[Dataset records]
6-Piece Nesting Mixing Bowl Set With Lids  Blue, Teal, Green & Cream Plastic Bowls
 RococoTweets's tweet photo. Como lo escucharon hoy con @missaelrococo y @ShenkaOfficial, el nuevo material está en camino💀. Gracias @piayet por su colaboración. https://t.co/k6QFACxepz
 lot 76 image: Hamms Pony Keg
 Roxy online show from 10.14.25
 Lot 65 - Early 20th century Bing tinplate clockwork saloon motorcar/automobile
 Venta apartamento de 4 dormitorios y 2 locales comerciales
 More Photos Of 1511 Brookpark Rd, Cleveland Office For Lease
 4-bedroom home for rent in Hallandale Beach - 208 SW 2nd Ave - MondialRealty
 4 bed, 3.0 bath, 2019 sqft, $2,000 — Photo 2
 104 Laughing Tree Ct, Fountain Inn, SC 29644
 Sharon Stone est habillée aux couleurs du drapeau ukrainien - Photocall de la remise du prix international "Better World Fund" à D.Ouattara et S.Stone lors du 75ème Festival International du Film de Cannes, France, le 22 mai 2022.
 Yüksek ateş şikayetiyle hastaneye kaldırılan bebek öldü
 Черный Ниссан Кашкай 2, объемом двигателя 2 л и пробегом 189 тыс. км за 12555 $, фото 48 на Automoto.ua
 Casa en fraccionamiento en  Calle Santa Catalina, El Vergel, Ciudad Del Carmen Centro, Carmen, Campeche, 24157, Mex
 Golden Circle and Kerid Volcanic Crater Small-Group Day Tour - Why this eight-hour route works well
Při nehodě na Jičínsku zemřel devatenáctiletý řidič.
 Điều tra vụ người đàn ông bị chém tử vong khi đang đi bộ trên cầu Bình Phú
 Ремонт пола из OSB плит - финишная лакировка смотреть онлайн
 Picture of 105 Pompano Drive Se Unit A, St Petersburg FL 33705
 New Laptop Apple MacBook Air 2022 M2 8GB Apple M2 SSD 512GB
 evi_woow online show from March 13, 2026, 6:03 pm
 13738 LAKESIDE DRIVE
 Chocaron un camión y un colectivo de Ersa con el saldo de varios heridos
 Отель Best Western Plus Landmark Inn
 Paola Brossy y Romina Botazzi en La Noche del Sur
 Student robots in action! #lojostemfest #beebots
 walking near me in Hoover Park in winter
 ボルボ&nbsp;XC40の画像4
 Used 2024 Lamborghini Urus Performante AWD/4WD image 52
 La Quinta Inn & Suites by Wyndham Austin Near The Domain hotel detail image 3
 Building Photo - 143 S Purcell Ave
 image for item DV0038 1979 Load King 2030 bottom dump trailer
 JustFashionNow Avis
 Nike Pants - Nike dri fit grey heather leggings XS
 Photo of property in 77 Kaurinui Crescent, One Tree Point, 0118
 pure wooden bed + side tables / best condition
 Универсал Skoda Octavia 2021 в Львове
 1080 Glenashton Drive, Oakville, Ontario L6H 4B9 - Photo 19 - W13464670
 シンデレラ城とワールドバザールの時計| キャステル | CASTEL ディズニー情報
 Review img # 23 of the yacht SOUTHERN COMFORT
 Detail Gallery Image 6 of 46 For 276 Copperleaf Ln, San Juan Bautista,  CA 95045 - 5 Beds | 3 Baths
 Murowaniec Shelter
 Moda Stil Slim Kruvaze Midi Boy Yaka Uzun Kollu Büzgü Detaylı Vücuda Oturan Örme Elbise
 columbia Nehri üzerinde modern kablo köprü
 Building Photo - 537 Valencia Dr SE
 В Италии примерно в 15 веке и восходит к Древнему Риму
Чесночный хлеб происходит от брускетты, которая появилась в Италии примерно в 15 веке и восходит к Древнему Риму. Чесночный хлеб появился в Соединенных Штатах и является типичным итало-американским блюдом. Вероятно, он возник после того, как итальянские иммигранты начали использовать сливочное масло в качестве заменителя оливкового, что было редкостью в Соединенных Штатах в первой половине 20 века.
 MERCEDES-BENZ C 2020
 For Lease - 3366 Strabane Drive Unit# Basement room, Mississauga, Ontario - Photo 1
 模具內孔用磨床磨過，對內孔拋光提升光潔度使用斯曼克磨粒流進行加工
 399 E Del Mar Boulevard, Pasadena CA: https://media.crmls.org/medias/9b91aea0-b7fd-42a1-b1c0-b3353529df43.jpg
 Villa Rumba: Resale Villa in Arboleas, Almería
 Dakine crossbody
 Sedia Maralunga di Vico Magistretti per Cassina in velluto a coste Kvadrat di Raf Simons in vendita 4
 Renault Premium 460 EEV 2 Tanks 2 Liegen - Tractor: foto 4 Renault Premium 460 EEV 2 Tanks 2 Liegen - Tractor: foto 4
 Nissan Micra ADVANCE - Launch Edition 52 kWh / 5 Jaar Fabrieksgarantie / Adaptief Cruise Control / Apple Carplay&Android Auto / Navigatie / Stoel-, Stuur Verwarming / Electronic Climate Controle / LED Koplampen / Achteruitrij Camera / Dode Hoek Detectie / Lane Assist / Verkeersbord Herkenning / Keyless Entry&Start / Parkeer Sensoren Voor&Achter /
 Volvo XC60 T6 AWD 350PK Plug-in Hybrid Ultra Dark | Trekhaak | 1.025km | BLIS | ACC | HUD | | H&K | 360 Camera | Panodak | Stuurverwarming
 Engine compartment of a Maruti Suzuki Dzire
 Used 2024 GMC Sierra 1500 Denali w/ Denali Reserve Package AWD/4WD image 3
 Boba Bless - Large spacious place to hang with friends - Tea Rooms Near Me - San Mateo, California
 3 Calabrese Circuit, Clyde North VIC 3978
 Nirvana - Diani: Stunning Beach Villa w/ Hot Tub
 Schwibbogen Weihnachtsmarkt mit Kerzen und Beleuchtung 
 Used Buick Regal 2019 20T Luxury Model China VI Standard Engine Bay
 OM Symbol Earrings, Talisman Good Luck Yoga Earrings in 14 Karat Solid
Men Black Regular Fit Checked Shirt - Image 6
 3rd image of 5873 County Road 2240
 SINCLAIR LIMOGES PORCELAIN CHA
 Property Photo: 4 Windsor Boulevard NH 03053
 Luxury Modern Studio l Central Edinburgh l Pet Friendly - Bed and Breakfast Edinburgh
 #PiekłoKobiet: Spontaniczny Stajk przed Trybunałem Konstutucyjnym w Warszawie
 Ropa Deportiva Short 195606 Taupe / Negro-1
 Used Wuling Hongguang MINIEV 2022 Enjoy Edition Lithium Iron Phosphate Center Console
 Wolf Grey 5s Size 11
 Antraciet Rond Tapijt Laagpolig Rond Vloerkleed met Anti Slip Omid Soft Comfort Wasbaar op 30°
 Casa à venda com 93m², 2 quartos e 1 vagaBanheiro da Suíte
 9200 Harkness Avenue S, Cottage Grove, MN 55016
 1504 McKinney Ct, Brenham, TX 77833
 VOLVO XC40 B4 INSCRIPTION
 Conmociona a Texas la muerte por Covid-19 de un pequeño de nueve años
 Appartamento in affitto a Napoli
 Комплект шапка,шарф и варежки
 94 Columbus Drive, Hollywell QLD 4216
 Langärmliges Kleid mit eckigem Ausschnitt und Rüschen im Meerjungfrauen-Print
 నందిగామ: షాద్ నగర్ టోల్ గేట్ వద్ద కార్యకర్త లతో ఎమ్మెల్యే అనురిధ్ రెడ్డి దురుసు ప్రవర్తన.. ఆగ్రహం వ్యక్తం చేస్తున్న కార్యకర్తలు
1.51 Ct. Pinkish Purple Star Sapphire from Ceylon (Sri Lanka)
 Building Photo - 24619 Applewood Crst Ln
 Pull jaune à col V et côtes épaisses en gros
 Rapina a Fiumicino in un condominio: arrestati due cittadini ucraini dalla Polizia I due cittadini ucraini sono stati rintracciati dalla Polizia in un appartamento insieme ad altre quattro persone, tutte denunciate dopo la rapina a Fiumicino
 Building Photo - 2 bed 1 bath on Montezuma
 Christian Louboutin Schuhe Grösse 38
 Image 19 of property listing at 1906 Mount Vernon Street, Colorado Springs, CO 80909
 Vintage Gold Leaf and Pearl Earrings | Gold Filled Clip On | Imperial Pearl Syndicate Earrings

■ Task requirements ■
Each line above that contains the word "Lease" should be copied.

■ Task output ■
 More Photos Of 1511 Brookpark Rd, Cleveland Office For Lease
 For Lease - 3366 Strabane Drive Unit# Basement room, Mississauga, Ontario - Photo 1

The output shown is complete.